そう、大丈夫だ。ママドの樹は何度か試した。糸は見つけられる。
「始めます」
そう静かに合図を出したタグリットは前に出た。まるで天秤のように、他の者は後ろに下がる。
ゆっくりと右手を前に伸ばし、左手は右手首を握る。目を閉じ、右手を開いた。
目を閉じた先で、タグリットは糸を探す。水を掻き分けるように、雲を追い越すように、タグリットの精神は世界樹の中を進む。植物の精神は、まるで天から細い透き通ったカーテンが幾重にも降ろされているような世界で構成されている。
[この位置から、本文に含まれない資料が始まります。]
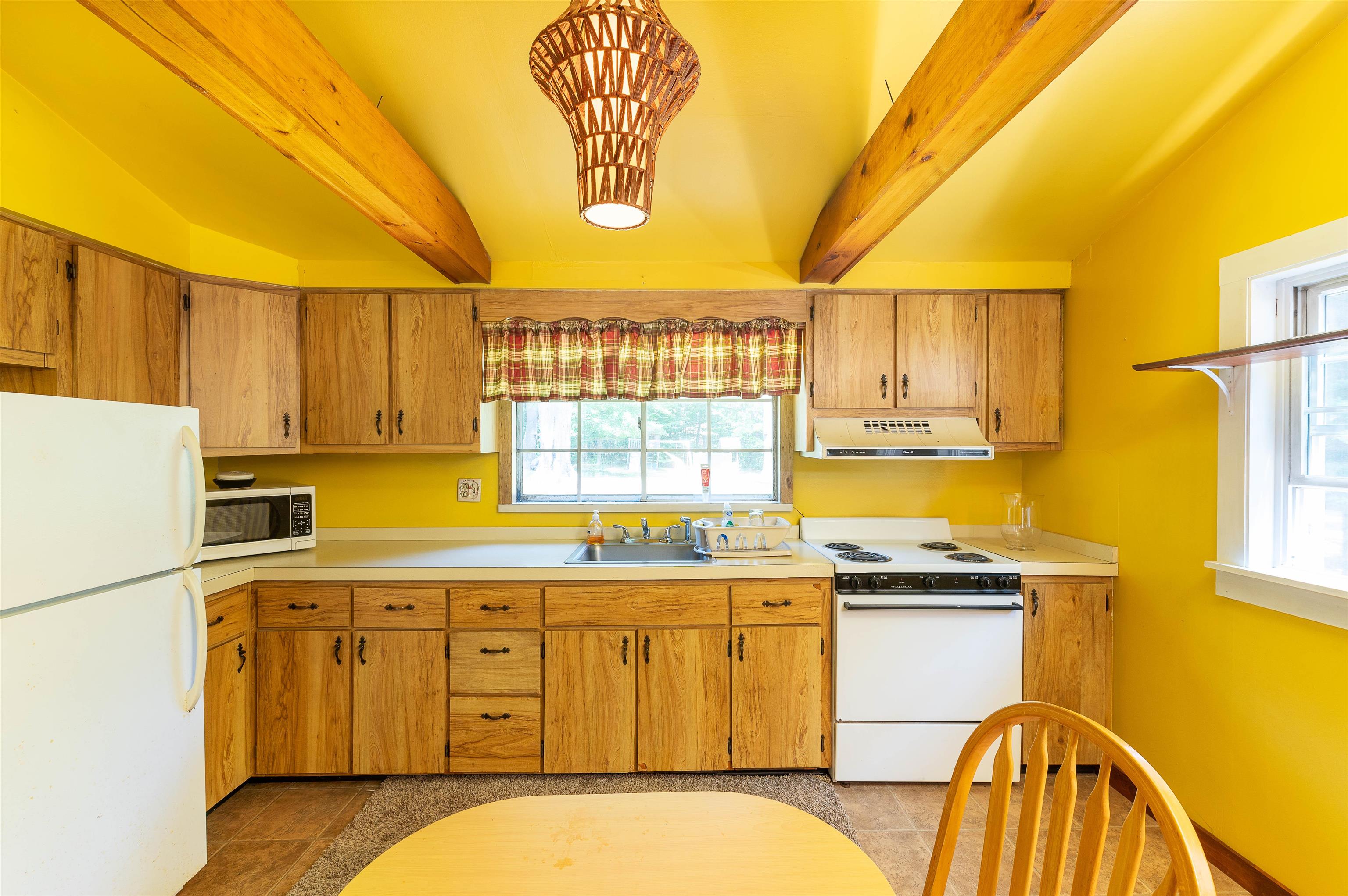 63 Towle Farm Road Wakefield, NH 03830 - Photo 8 of 43 Gallery Image 8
その中で一筋、タグリットが干渉出来る時間の糸がある筈だ。ゆらり、ふわり、様々な筋が揺れる。焦るな、大丈夫…。タグリットの額にじんわりと汗が滲んできた。右手親指が、ゆっくりと人差し指の横っ腹で円を描く。子供の頃は分からなかった。この行為は、植物の精神世界を泳いでいたのだ。今なら分かる。泳ぎついた先、時間の糸がある。
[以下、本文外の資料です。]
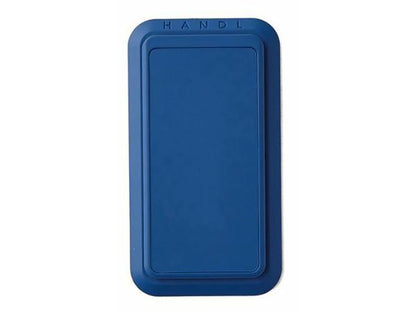 HX1005-BLU-N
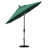 Sunbrella Elan Indigo Sunbrella® is out of stock selected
ぴたりとタグリットの指の動きが止まった。苦しそうな息が漏れる。寄せた眉根から、少しずつ力が抜けていく。タグリットはゆっくりと目を開けた。手が震えている。
「すみません…」
小さくタグリットが呟いた。
「駄目か」
スゥハが確認をする。右手は前に突き出したまま、タグリットはこちらを振り返った。その表情は、絶望よりも、混乱だった。
「いえ、そもそも…」
ずれた眼鏡の縁によって額から流れた汗が本来進むべき方向から曲げられ、ぽたりと非ぬ処に落ちた。
「これは樹ではありません」
タグリットの言葉は続く。
「別のなにかです」
ただ、辿り着きたいだけなのに。
どうして、進みたい方向に歩むことが出来ないのだろう。